Baseball's Turnaround Teams
At the beginning of a new baseball season, sports gamblers will try to determine which teams will be better than they were the previous season and which teams will be worse. Being able to pinpoint these teams can often lead to finding good value in early season wagers or on betting over or under the posted number of team wins.
Baseball is a bit different than the other sports, as a team can go from missing the playoffs to being a World Series contender with the addition of a couple of free agents, as is the case with the 2009 New York Yankees, who are the early favorites to win the Fall Classic on the basis of their pitching staff additions.

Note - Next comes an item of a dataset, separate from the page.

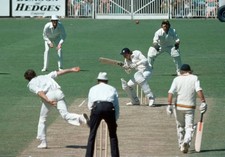 England batsman Derek Randall ducks a bouncer from Dennis Lillee o- Old Photo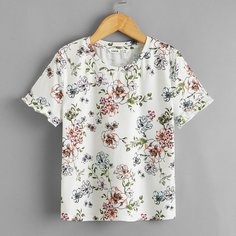 Цветочный Повседневный Футболки для девочек Shein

Naturally, off-season transactions have to be looked at when evaluating how a team will perform compared to the previous season. But there's another method of pinpointing teams that may climb in the standings or teams ripe for a fall. That is a team's record in one-run games.
One Run Games
A game that is decided by one run is in all probability a contest that could have gone either way. The team that comes away with a victory is typically one that catches the extra break and there's usually a bit of luck involved along the way.
Teams that win, or lose, an extra-ordinary number of one-run games are good candidates to see luck even up a bit the following season.

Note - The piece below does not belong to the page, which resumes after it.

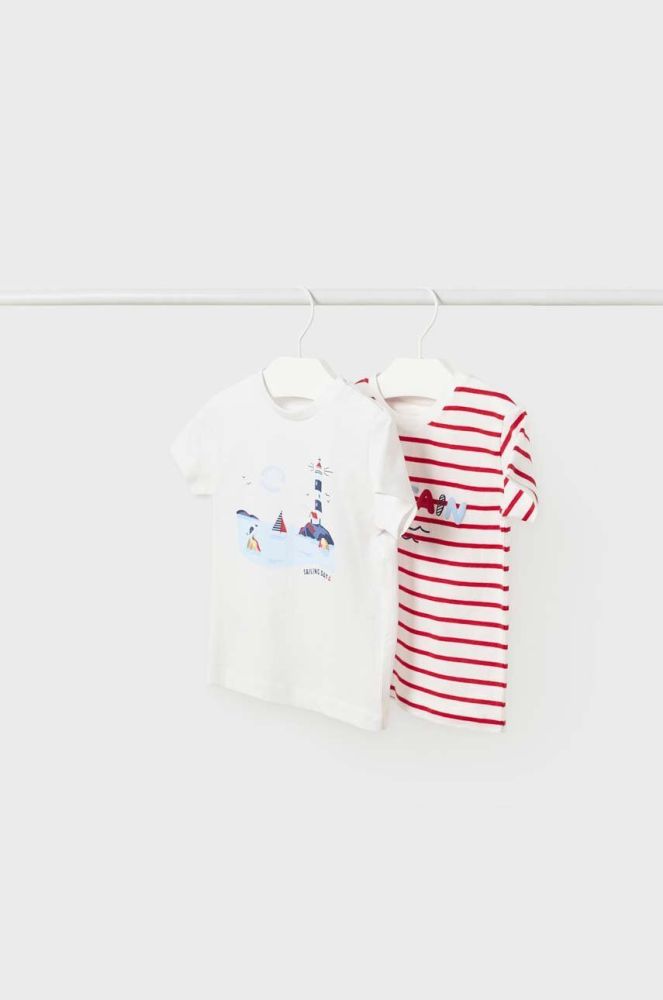 Бавовняна футболка для немовлят Mayoral колір білий візерунок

Since the 2004 season there have been 28 teams that won or lost 60-percent of their one-run games in a season. If we looked for a reversal of fortunes the following season, we'd find of the 13 teams that won an extra-ordinary number of one-run games that 11 of them finished with fewer wins than the previous season.
Of the 15 teams that lost a large number of one-run games, eight would post better records the following year, six would have worse records and one would have the same record. So the biggest edge is found by looking for teams that won a large number of one-run games to do worse the following year, but there is still merit in looking for those teams who lost to improve the following season.
There are four teams that bear watching in the 2009 season under this premise. The Tampa Rays were 29-18 in one-run games in 2008, so if things follow suit, the Rays will have trouble matching last year's 97-65 record.
On the other side of the equation, Seattle (18-30), Atlanta (11-30), and San Diego (16-28) would be logical choices to show improvement of their dismal 2008 records.